In my area you either have hedge or you don't. There's not a lot of it around but like the one 160 acres I have it on there's a bunch. In the 30's the WPA guys planted rows and rows on this farm. No one did anything with it and hedge, cedars and locust took over this farm. We have spent the last twenty years cleaning this farm up and turning it into a nice farm. We owned the rest of the section around it or we probably wouldn't have bought it because of the mess. That hedge makes great firewood for my Garn.
 

NoGoodAtScreenNames

Feeling the Heat
Sep 16, 2015
456
Massachusetts
Save some wood for next year - don’t try to be 100% right away. Avoid a lot of cold starts, which probably means not burning much during the should season. Try to get a few loads in before letting it go cold again. Burning Friday night through Monday morning would be better than trying to start a one and done fire every night.

When reloading it’s tough balance with wet wood - you will want a nice hot bed of coals to counter act any moisture in the wood. At the same time though, when I have a load get a little out of control it often is one that had a hard time getting started at first and then takes off in the middle.
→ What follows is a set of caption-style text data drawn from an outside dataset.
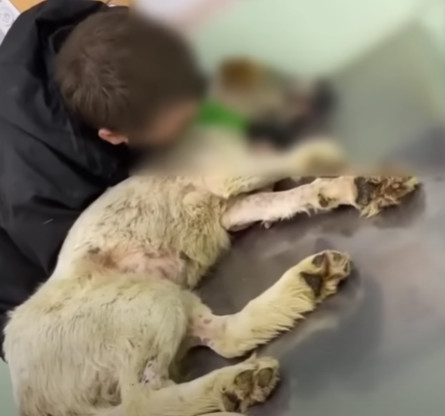 With preparations complete, the rescue e...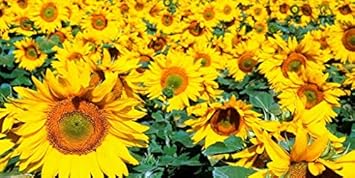 Flower Seeds, Seeds,Seeds For Planting,Plant Seeds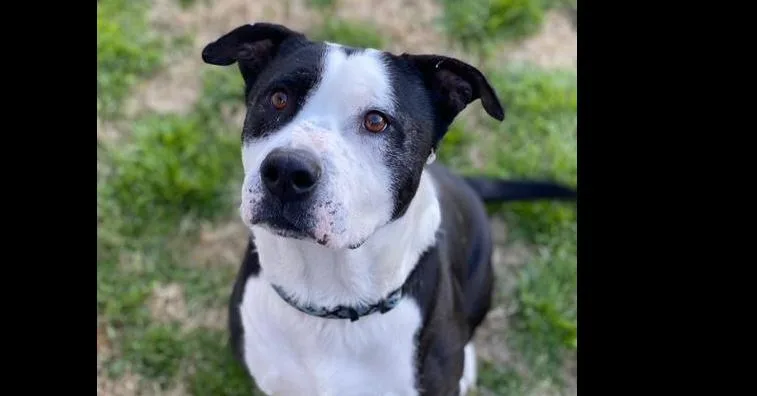 An adult large-sized male Pit Bull Terrier dog named Toby for adoption in Dallas, TX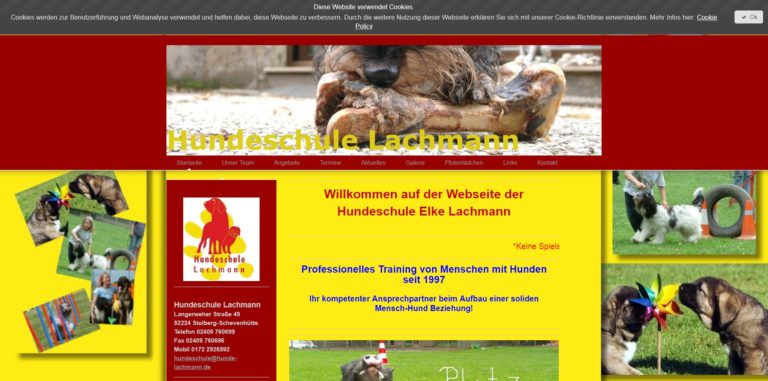 hundeschule lachmann.com 768x381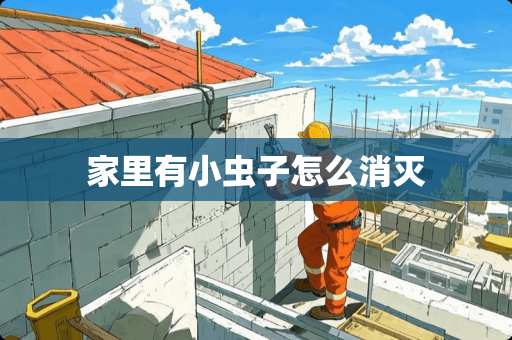 家里有小虫子怎么消灭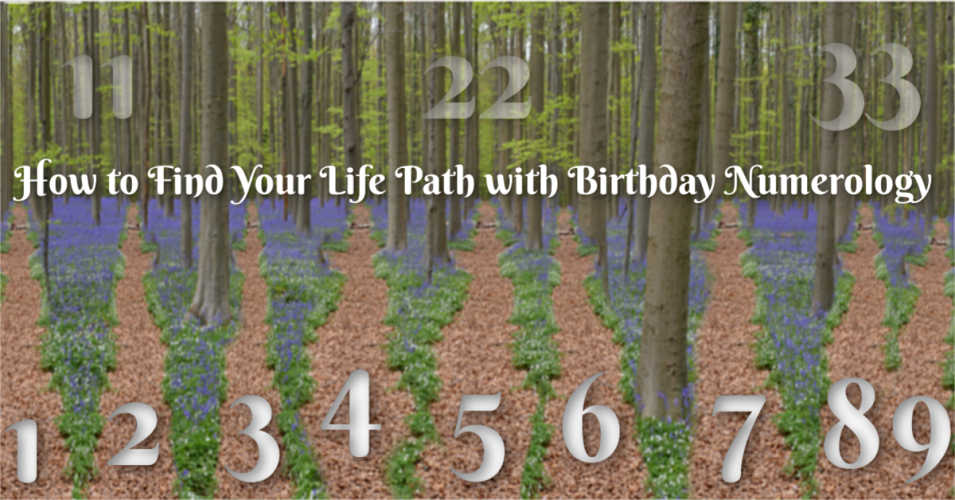 birthday numerology 7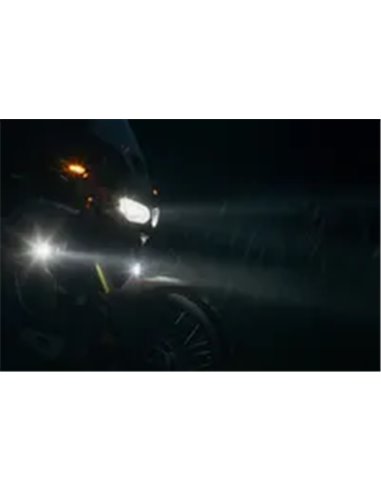 Luces antiniebla EVO SW-MOTECH NSW.04.004.51200/B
That is likely to happen to you where you are trying to get rid of the excess moisture with lots of air and then - BOOM! Gates of Hell out of nowhere once it’s dry.

Good luck and be safe.
 

Woodsplitter67

Minister of Fire
Jan 19, 2017
2,460
Woolwich nj
stack the harwoods like the oak and hedge and do a.kiln over the summer. you still have time to put this together. no need to split small. split to the size you want wrap it in early july and it will be.sub 18% by this october
 

Lakeside

Minister of Fire
Feb 6, 2009
605
Mike's World
Tips , that come to mind are -- consider using top-down fire starting method & watch out for poor draft if lighting a cold stove if rain is in the near forecast. Be safe and enjoy
 

EbS-P

Minister of Fire
Jan 19, 2019
3,538
SE North Carolina
Get 1-2 cords of pine and keep every drop of water off it (it dries for me in a summer) and or a pallet for sawdust brick/logs. Build a woodshed to hold 3 years worth of wood.